Brian Stableford est un vieux routard de l'Imaginaire qu'il a pratiqué sous toutes ses formes. Depuis les années 70, il a écrit un nombre impressionnant de romans et de nouvelles en science-fiction, fantastique et fantasy. Une partie seulement a été traduit en français dont les séries Asgard, Daedalus, David Lydyard (avec Les Loups-garous de Londres comme premier tome de ce dyptique) et Genèse. Un peu sur la touche en France depuis la fin des années 90 (malgré la réédition partielle de son cycle Grainger des Etoiles aux éditions Eons), Brian Stableford est désormais pensionnaire de la collection Rivière Blanche qui a édité en 2010 un recueil de nouvelles, Dimension Brian Stableford, avant La Muse égarée, autre recueil de trois récits cette fois complètement inédits.

Mnémosyne, île d'artistes...
 
Dans un monde où l'Empire romain dure depuis 2000 ans (César n'a pas été tué par Brutus), la vie s'écoule tranquillement sur l'île de Mnémosyne, fréquentée par de nombreux artistes. Parmi eux Axel Rathenius est un peintre au talent reconnu par tous. C'est surtout un maître dans l'art de faire et de défaire les intrigues qui nourrissent le quotidien de leurs petites communautés. Dans L'Exposition secrète, il participe à un défi avec un peintre qui vient de débarquer sur l'île. Ils sont chargés de faire le portrait d'une même jeune femme pour comparer leurs talents...

Dans la deuxième nouvelle, L'Incube de la Rose, Axel Rathenius se montre sous un jour encore plus manipulateur puisqu'il organise littéralement la conquête d'une musicienne talentueuse mais lesbienne par un compositeur de génie...
 
Enfin dans le dernier texte, le plus long, il accompagne son amie à la rencontre d'un de ses anciens amants qui a trouvé refuge dans le phare de l'île pour en être le gardien. Un récit étonnant dans lequel il développe un nouvel art, celui de modeler les rêves : le mophéomorphisme...

Une ambiance douce et fantastique avec l'art en toile de fond...

La Muse égarée est un recueil de nouvelles dans lequel le fantastique et l'uchronie ne jouent qu'un rôle mineur.
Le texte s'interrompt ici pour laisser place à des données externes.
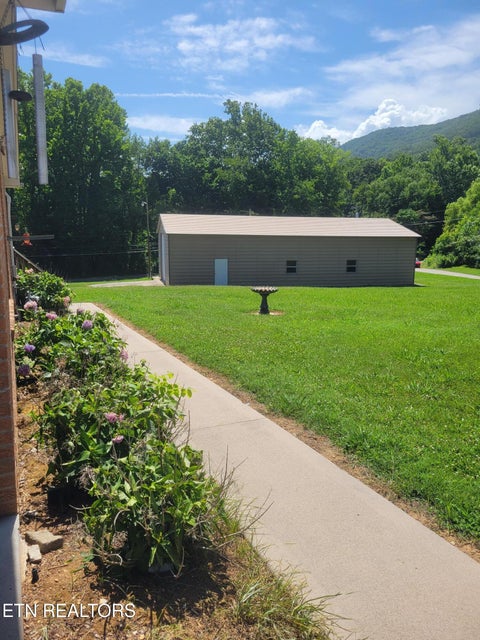 Tiny photo for 132 Ridgecrest Rd, Harriman, TN 37748 (MLS # 1350065)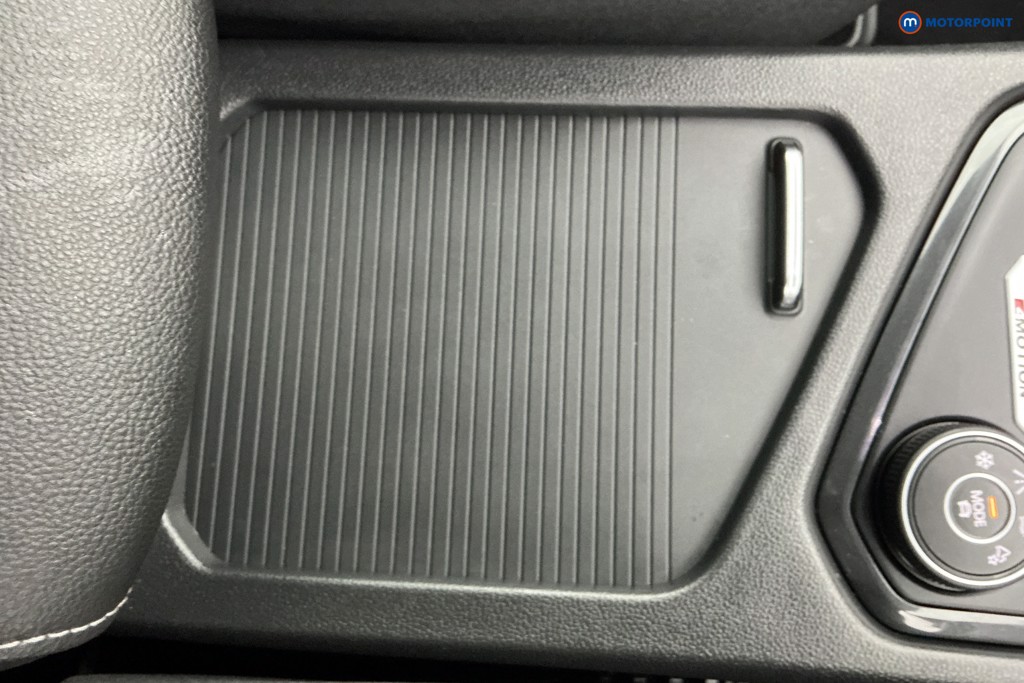 Volkswagen Tiguan R-Line Tech Manual Diesel SUV - Stock Number (1678091) - 16th supplementary image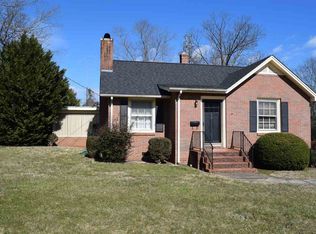 37 26th Ave NE, Hickory, NC 28601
Brian Stableford tisse des intrigues dans lesquelles les histoires entre les êtres humains sont les plus importantes. Souvent cruels, ses héros n'hésitent pas à se manipuler les uns les autres juste par distraction, s'inventant des histoires par jeu, soulignant ainsi la vacuité de leur quotidien... C'est une sorte de théâtre permanent que domine la figure centrale d'Axel Rathenius, tour à tour sympathique, généreux, protecteur mais aussi dangereux et immoral...

La lecture de ce recueil au parfum douceâtre et écoeurant n'est pas désagréable. Brian Stableford y installe une ambiance particulière avec un rythme faussement lent. On se délecte de la perversion de cette communauté décadente d'où se dégage une certaine poésie mais aussi de l'amitié et du respect entre ses membres. Une jolie réussite d'un auteur qui mériterait sûrement qu'on le traduise un peu plus en France...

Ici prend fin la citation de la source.